The City of Sydney Council is concerned about the NSW government plans for a 20 and 30-storey tower precinct at the Waterloo housing redevelopment site in Sydney. The Chief Executive Officer, Monica Barone said Urban Growth NSW seemed to be acting as a government planner, as well as property developer. Urban Growth NSW was formerly Landcom but with greater powers and it still has former Liberal leader John Brogden as its chairman. It is a government agency in charge of big new property projects including Rozelle, The Fish Markets, Glebe, The Powerhouse Museum, White Bay and North Parramatta. Urban Growth NSW pushed for the Waterloo station to be built rather than the Sydney University station as a justification to build 10,000 new dwellings while replacing 2,000 social housing units. The reasoning being that the new private dwellings will pay for the social housing dwellings in the area.

The first major public forum for the development was held in February a couple of months after residents were told that their homes were to be destroyed, to make way for a “vibrant new community”. Leaflets were handed out to the crowd but Mr Hazzard didn’t have many answers for them just that: “Everybody here in Waterloo will have the entitlement to come back into their housing, and it will be done progressively over 20 years” to which the room laughed not just once but twice after he was translated in Mandarin and Russia. “Twenty years! We’ll all be dead!” someone yelled from the crowd.

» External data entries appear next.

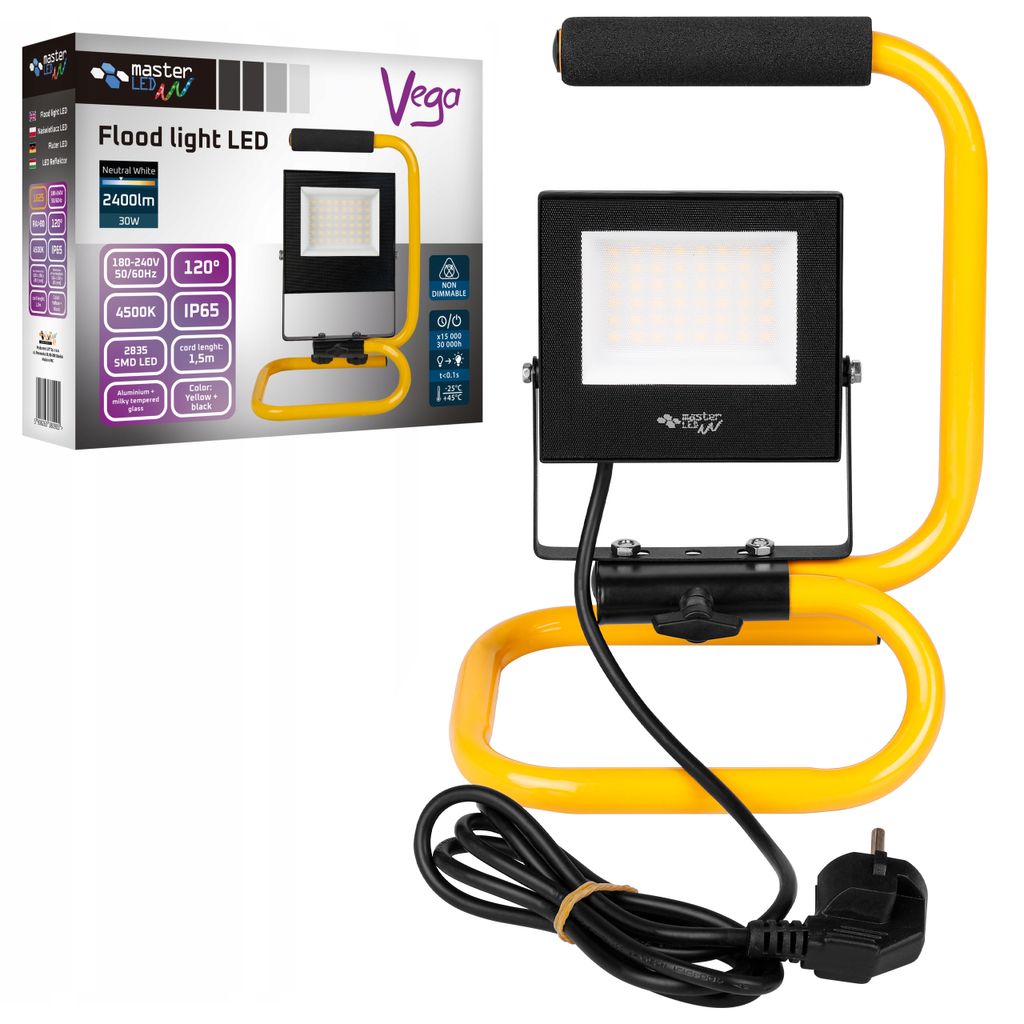 A floodlight LED on a yellow stand, next to its packaging.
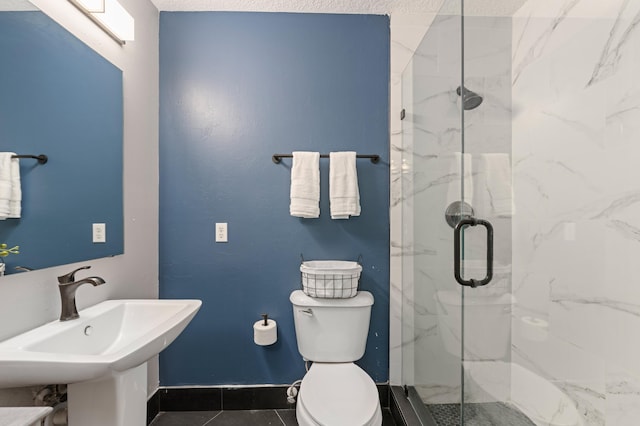 full bath with a marble finish shower, baseboards, a sink, and toilet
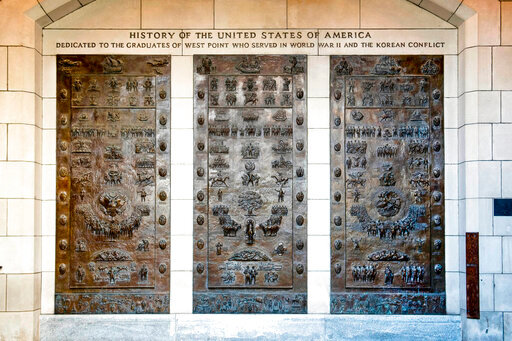 This photo provided by the U.S. Military Academy at West Point, in New York, shows the three bronze panels at one of the entrances to Bartlett Hall, at West Point, that depicts the history of the United States. A commission created by Congress is recommending that multiple historical reminders tied to Confederate officers during the Civil War be removed &mdash; many honoring Robert E. Lee, one of the academy's most famous graduates. (U.S. Military Academy at West Point via AP)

Also in February this year the NSW government issued a tender for Hong Kong style high rises at the new Sydney Metro train stations including Waterloo. Hong Kong’s railway was built by private company MTR in exchange for property development rights in the air space above each station. MTR is part of a consortium that will operate Sydney’s first private railway, the Metro Northwest this contract doesn’t involve air space rights though. MTR has also lobbied the Baird government to adopt its “value capture” modelling for future projects. This involves evaluating the additional land value around urban rail, with the added value paying for the new infrastructure. Or at the very least lowering the construction costs of new infrastructure. The Baird government hasn’t said if property development rights above stations will be awarded in a separate contract to the station construction. An industry briefing last December however found that there was “significant interest” in property development above stations, especially in the CBD.

RedWATCH is a Waterloo community group meeting and last week Urban Growth NSW attended its first one. Convener of the group Geoff Turnbull said: “People don’t really have a sense of what is being talked about other than they are going to be upset and dislocated.” He also said: “So far people really know nothing more than when it was announced,” and that the entire process was, “callous.” One resident labelled the project as a, “social experiment,” and, “disrespectful to the community.” The master plan is expected by the middle of the year but with an election on July the 2nd, perhaps this will be put on hold until after it. Residents are to start being relocated as of the middle of next year, to where nobody knows yet.

The Greater Sydney Commission officially launched on January 27th this year and is being chaired by Prime Minister Malcolm Turnbulls’ wife Lucy Turnbull, a former Sydney Mayor. Mrs Turnbull is joined by three other “Greater Sydney commissioners”, Environmental commissioner, Rod Simpson, Social commissioner, Heather Nesbitt and Economics commissioner, Geoff Roberts. Mrs Turnbull will essentially have the power to remove local councils as a “relevant planning authority” if needs be and has basically received the formal powers of the Planning Minister. There will be six districts and a district commissioner for each one, four have been appointed with two more to go. “Sydney Planning Panels” (SPP’s) don’t exist yet but there has been much conjecture about them and they’re slated to begin at the end of this year or when the district plans become effective. Not much details as to how much power they may wield as yet or even if they will be put in place.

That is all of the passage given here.